◆ **The problem**:
Where an entry below contains an image, skip the image and reproduce the rest exactly.

◆ **Entries shown**:
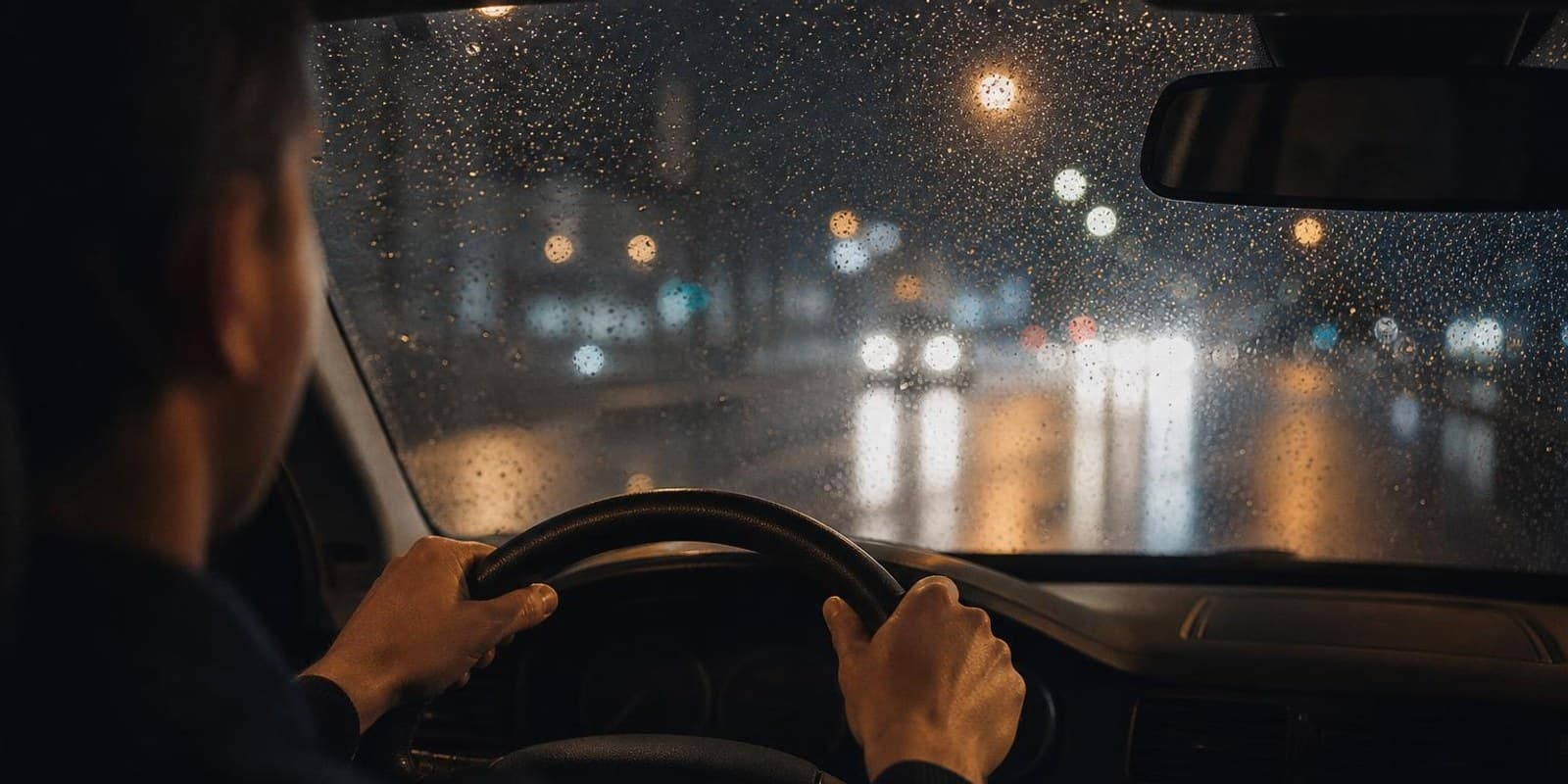 Blick aus dem Auto bei Nacht, entgegenkommende Scheinwerfer verschwimmen zu Lichtkreisen.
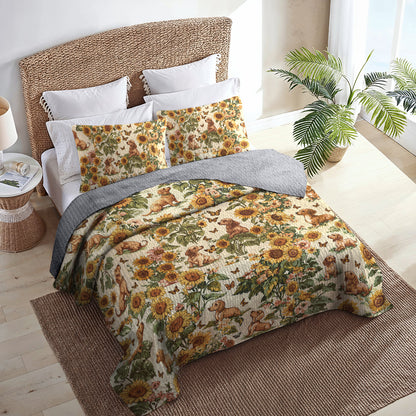 Shineful All Season Quilt 3-Piece Set Sunflower Dachshund Patch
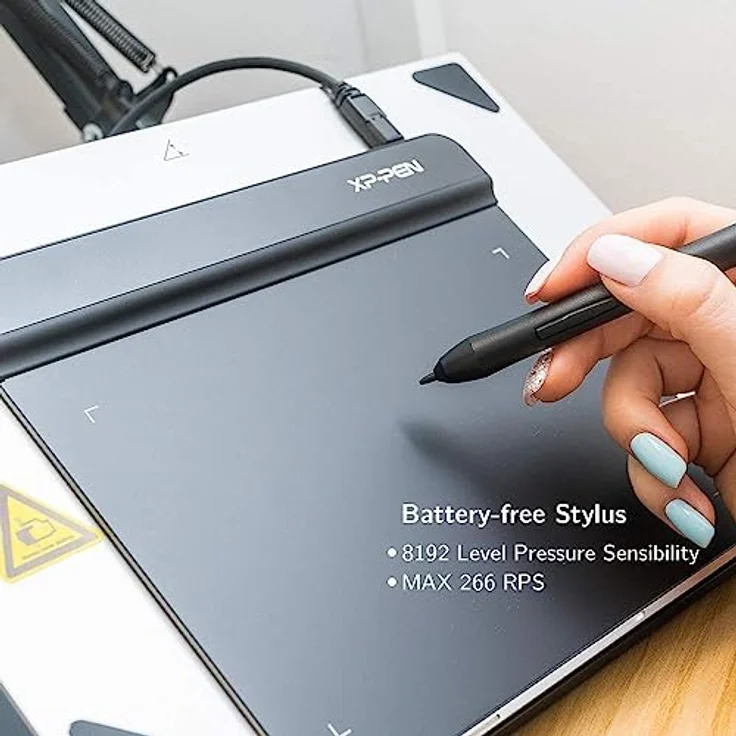 XP-Pen Star G640 Grafiktablett 6x4 Zoll Zeichentablett OSU! Pad mit batterielosem Stift 20 Ersatzminen, USB, 8192 Levels Druckempfindlichkeit, 60 ° Neigungswinkel, Schwarz – Bild 3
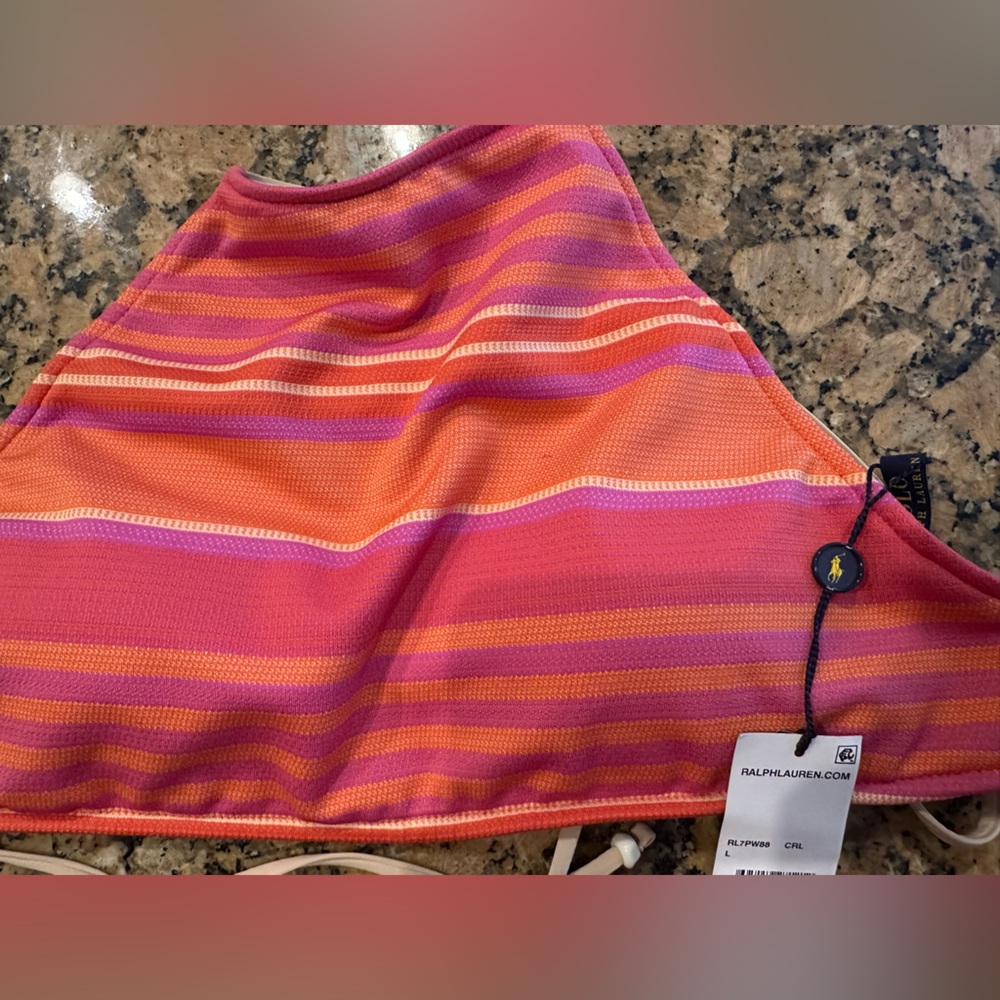 NWT Polo Ralph Lauren halter top pink and coral stripes swimming top size L
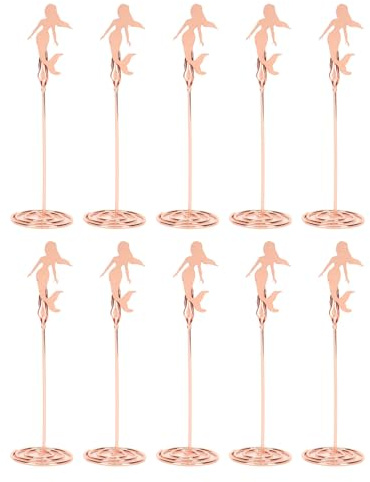 Ghzste Juego de 10 soportes para números de mesa con forma de sirena, clips para tarjetas de boda, soporte para fotos de mesa, notas, notas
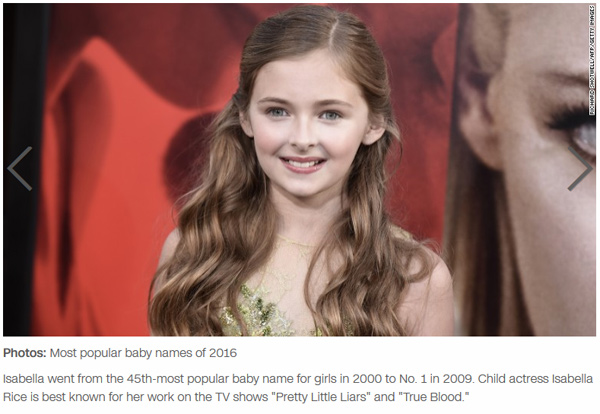 美國最流行寶寶名 艾瑪、諾亞居首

◆ **Exercise result**:
 Blick aus dem Auto bei Nacht, entgegenkommende Scheinwerfer verschwimmen zu Lichtkreisen.
 Shineful All Season Quilt 3-Piece Set Sunflower Dachshund Patch
 XP-Pen Star G640 Grafiktablett 6x4 Zoll Zeichentablett OSU! Pad mit batterielosem Stift 20 Ersatzminen, USB, 8192 Levels Druckempfindlichkeit, 60 ° Neigungswinkel, Schwarz – Bild 3
 NWT Polo Ralph Lauren halter top pink and coral stripes swimming top size L
 Ghzste Juego de 10 soportes para números de mesa con forma de sirena, clips para tarjetas de boda, soporte para fotos de mesa, notas, notas
 美國最流行寶寶名 艾瑪、諾亞居首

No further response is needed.